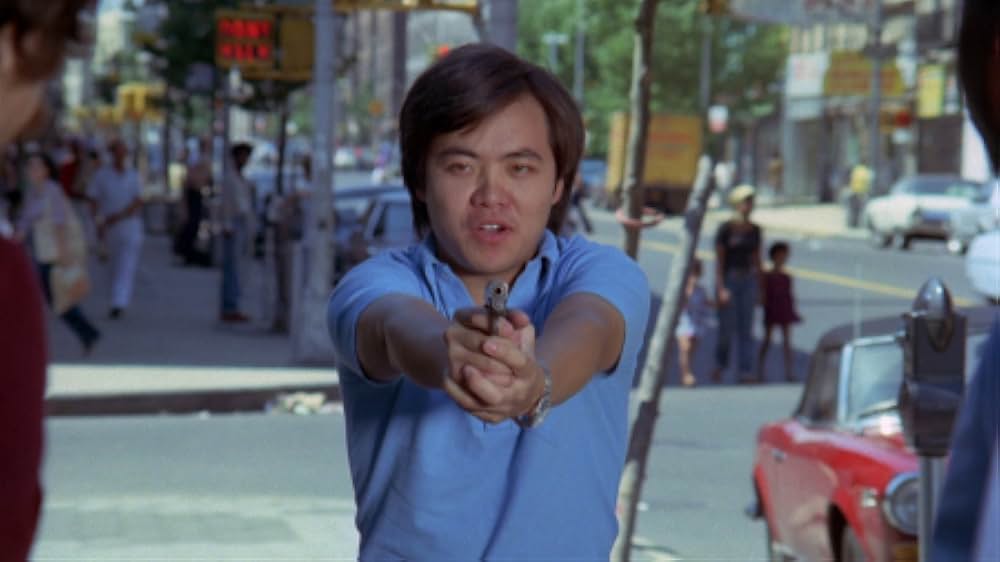 Devil's Express（原題）の画像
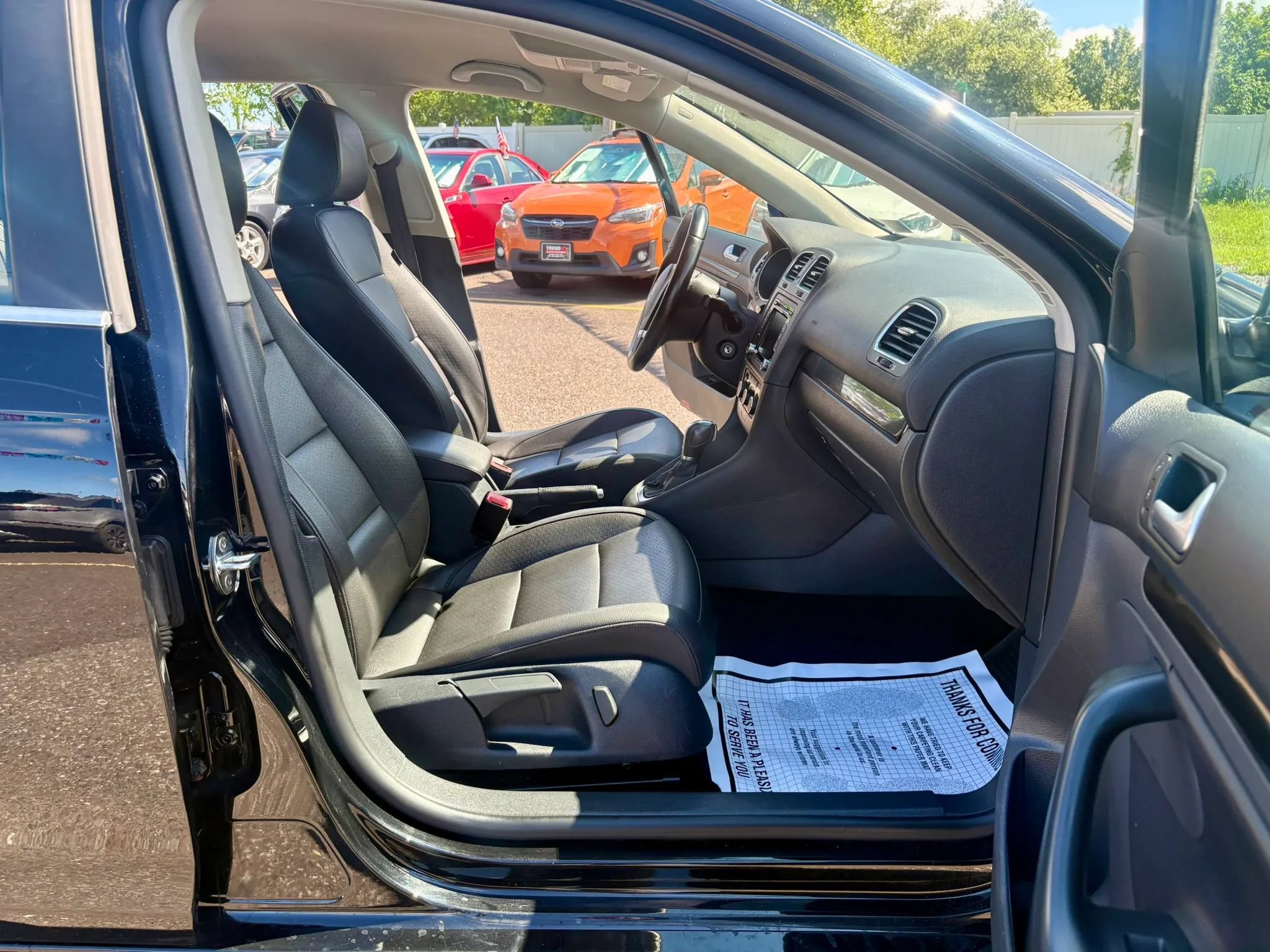 Used 2014 Volkswagen Jetta TDI FWD image 27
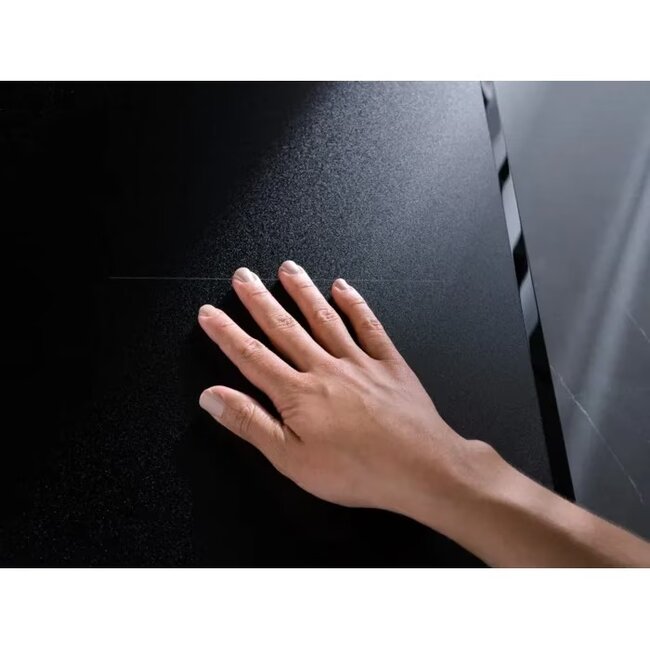 AEG XUB6845AS | Inductie kookplaat met afzuiging 80 cm | SaphirMatt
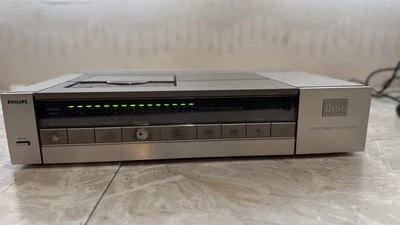 Philips CD202   CD Player - Bild 1 von 4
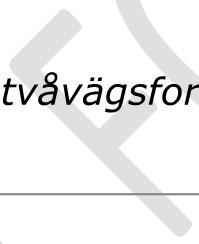 8 år ska  Krav i upphandlingar som görs från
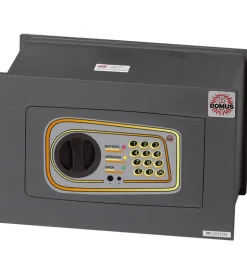 Clearance Cassaforte da muro elettronica - 35x20x23 cm. Serratura E Sicurezza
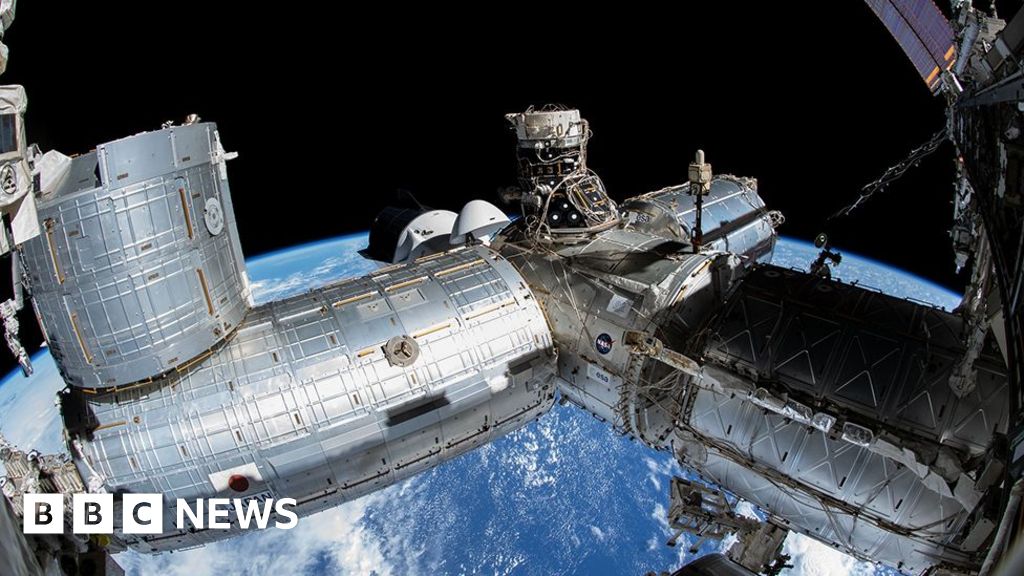 SpaceX milik Elon Musk telah membuat kontrak dengan perusahaan lain untuk menghancurkan stasiun luar angkasa yang sudah pensiun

## Task to carry out
With pictures excluded, restate word for word the lines from the one that contains "Clearance Cassaforte da" through the end of the material, inclusive, and nothing more.

## Response
 Clearance Cassaforte da muro elettronica - 35x20x23 cm. Serratura E Sicurezza
 SpaceX milik Elon Musk telah membuat kontrak dengan perusahaan lain untuk menghancurkan stasiun luar angkasa yang sudah pensiun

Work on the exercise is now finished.